YOUR ASSIGNMENT —
All of the records below are to be printed exactly; the pictures are to be left out.

PROVIDED DATA —
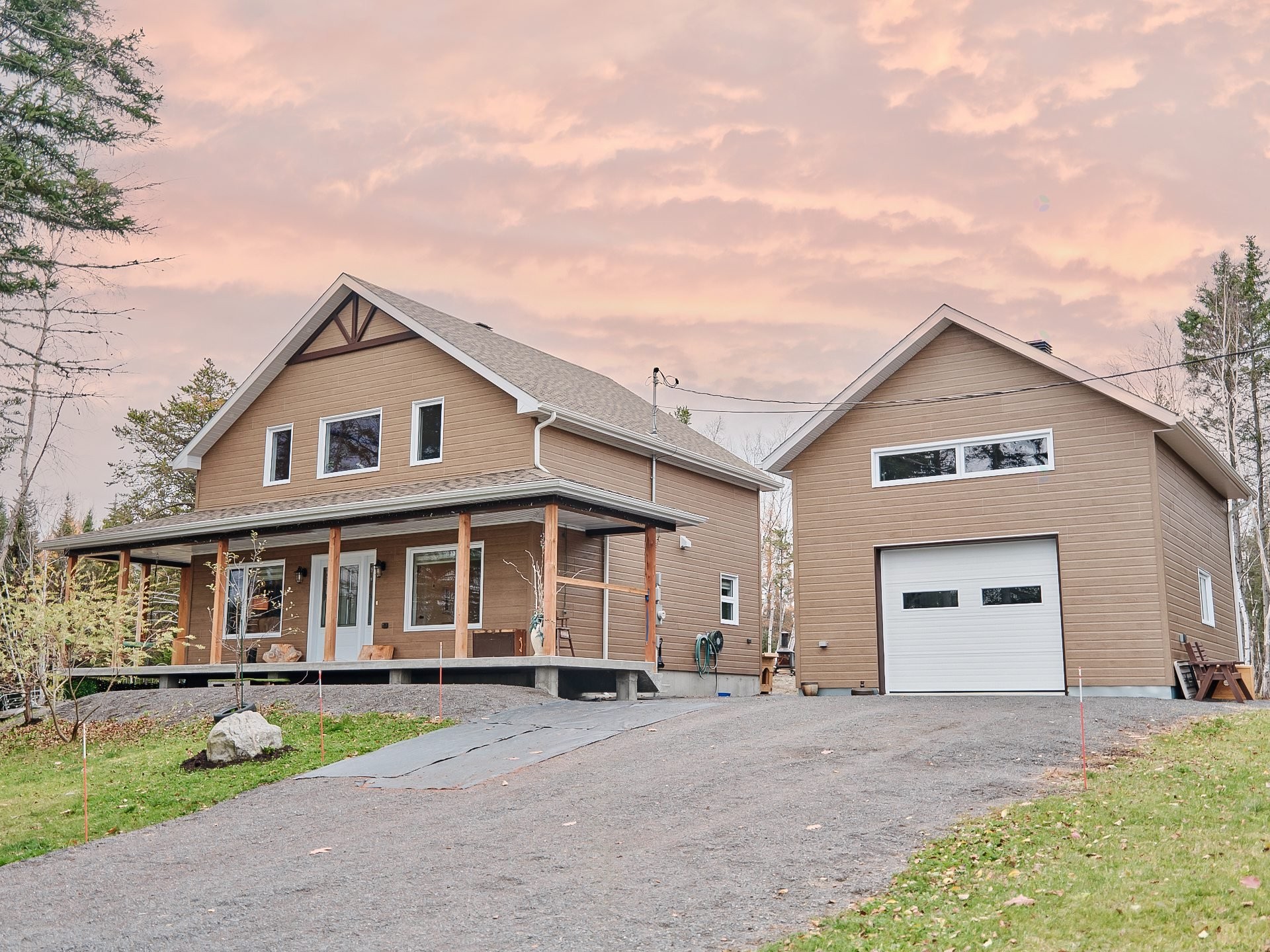 









653


2e Rang

,
Saint-Charles-de-Bourget,




QC
G0V1G0

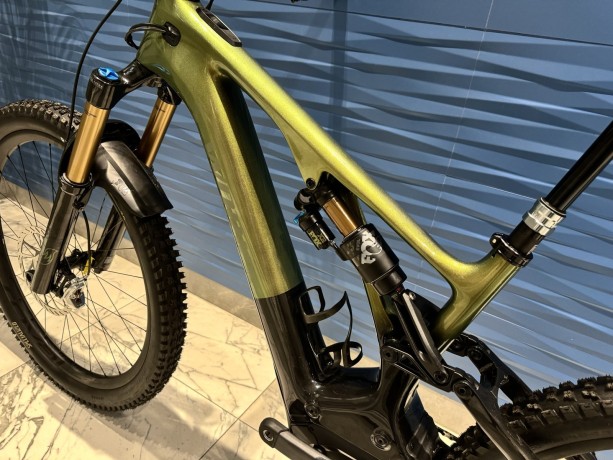 e-bike-specialized-s-works-turbo-levo-t-type-carbon-29er-s4-2024-novyi-big-3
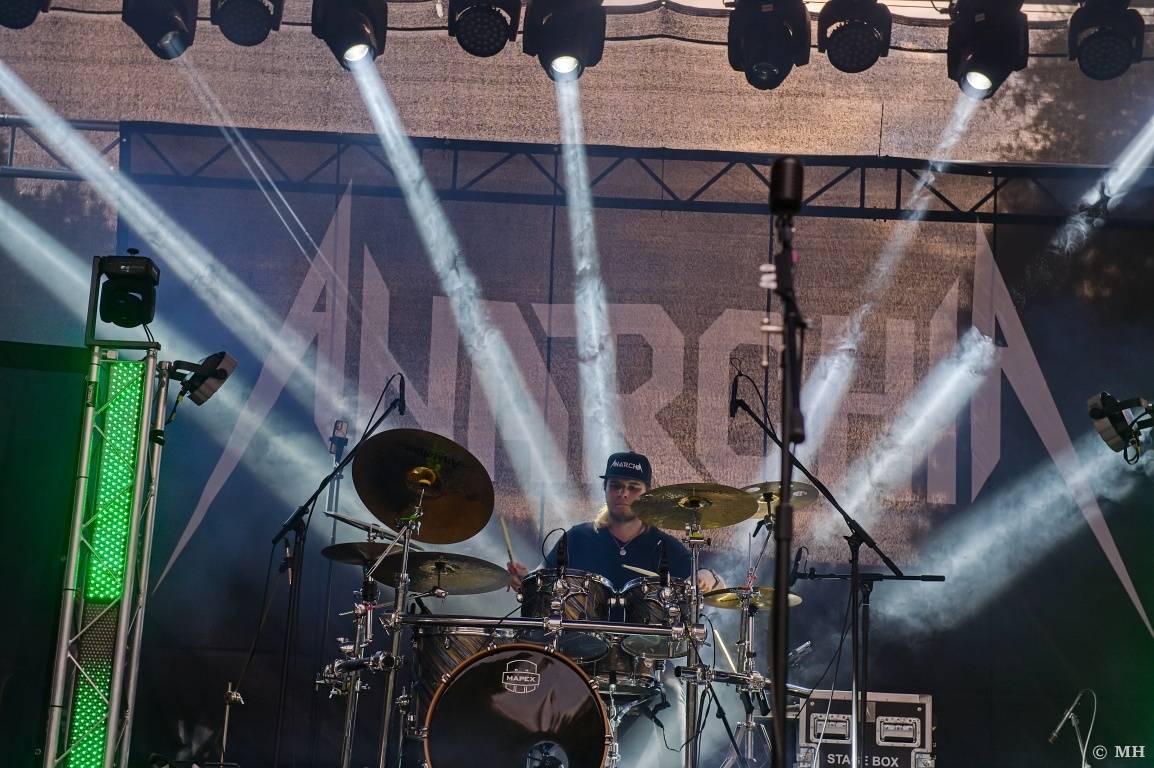 Rockové léto na Mži slavilo deset let. Festivalu blahopřáli Cocotte Minute, Komunál, De Bill Heads i Septic People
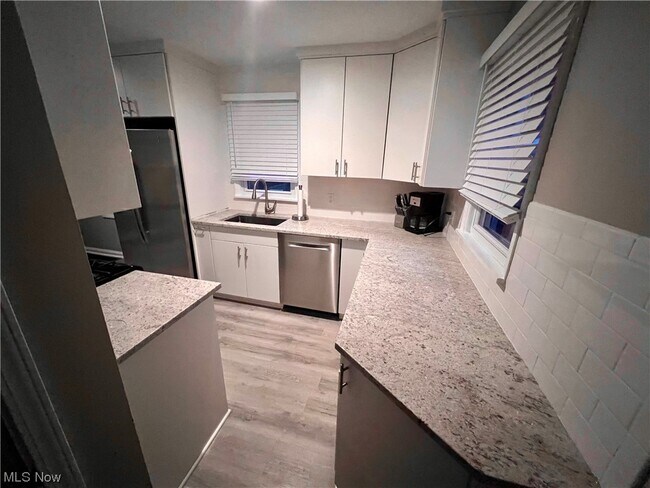Building Photo - 2039 Lorena Ave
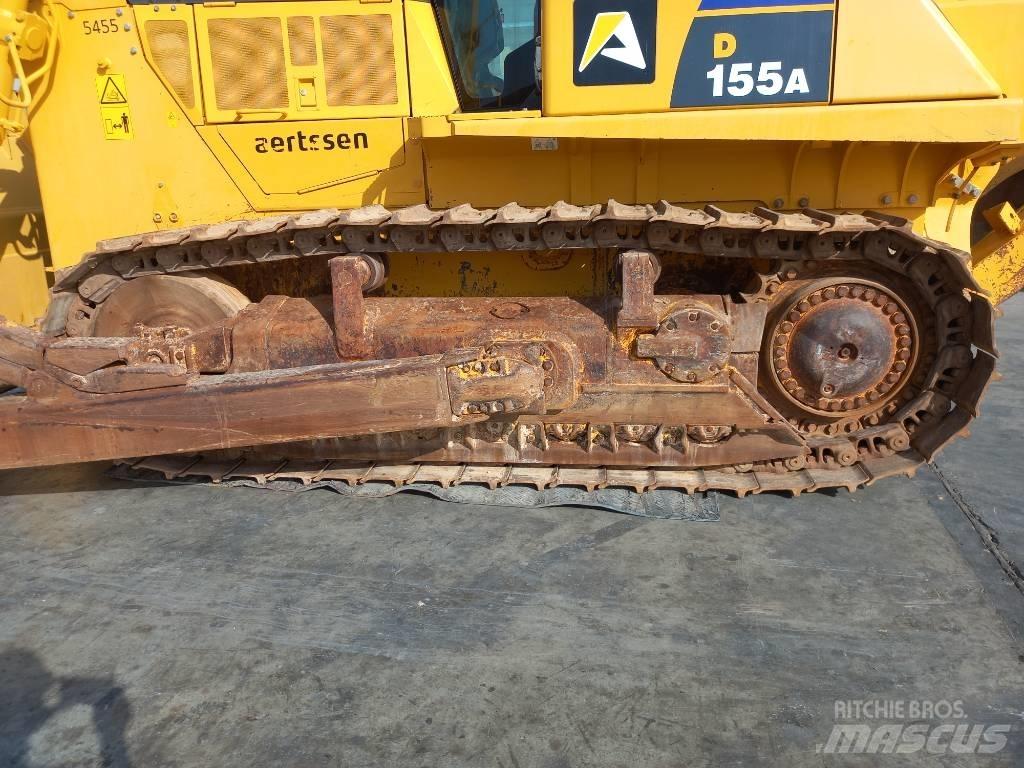 Komatsu D155A-6R Pásové dozéry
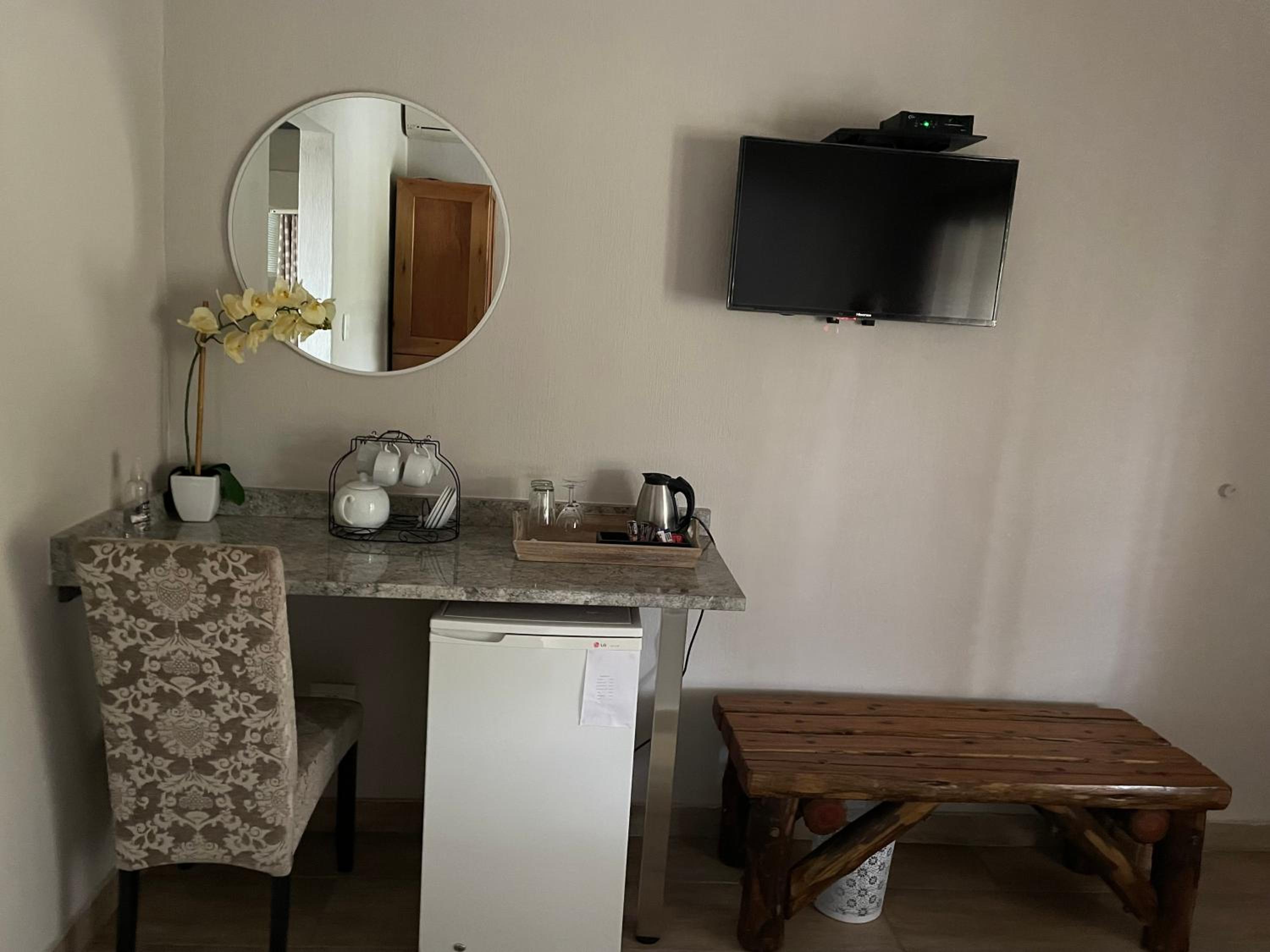 Luxury Double Room - Photo 9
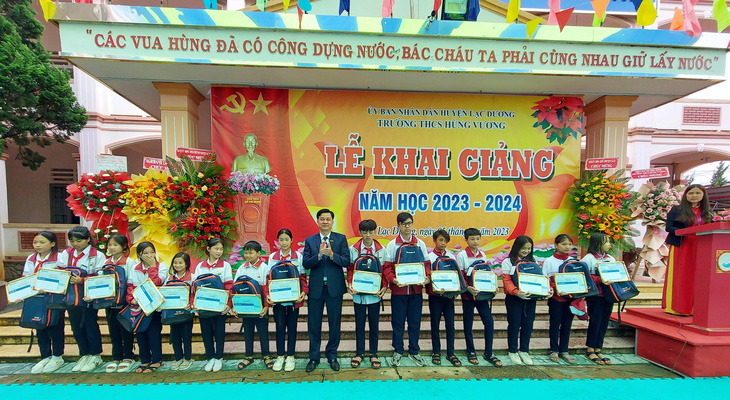 Trao học bổng tại Trường THCS Hùng Vương (Lâm Đồng) - Ảnh: Sacombank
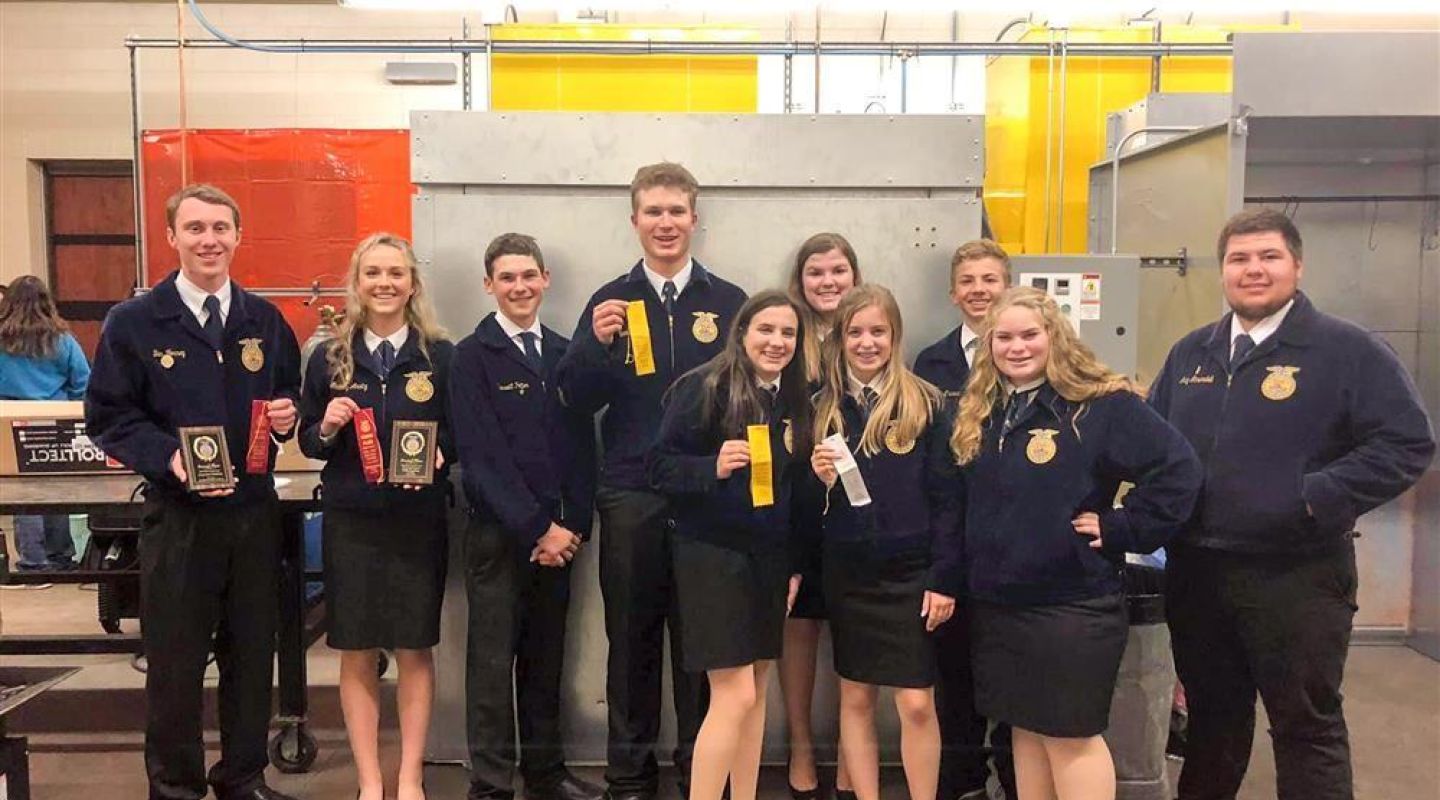 PHS FFA students with awards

EXERCISE RESULT —
653


2e Rang

,
Saint-Charles-de-Bourget,




QC
G0V1G0

 e-bike-specialized-s-works-turbo-levo-t-type-carbon-29er-s4-2024-novyi-big-3
 Rockové léto na Mži slavilo deset let. Festivalu blahopřáli Cocotte Minute, Komunál, De Bill Heads i Septic People
Building Photo - 2039 Lorena Ave
 Komatsu D155A-6R Pásové dozéry
 Luxury Double Room - Photo 9
 Trao học bổng tại Trường THCS Hùng Vương (Lâm Đồng) - Ảnh: Sacombank
 PHS FFA students with awards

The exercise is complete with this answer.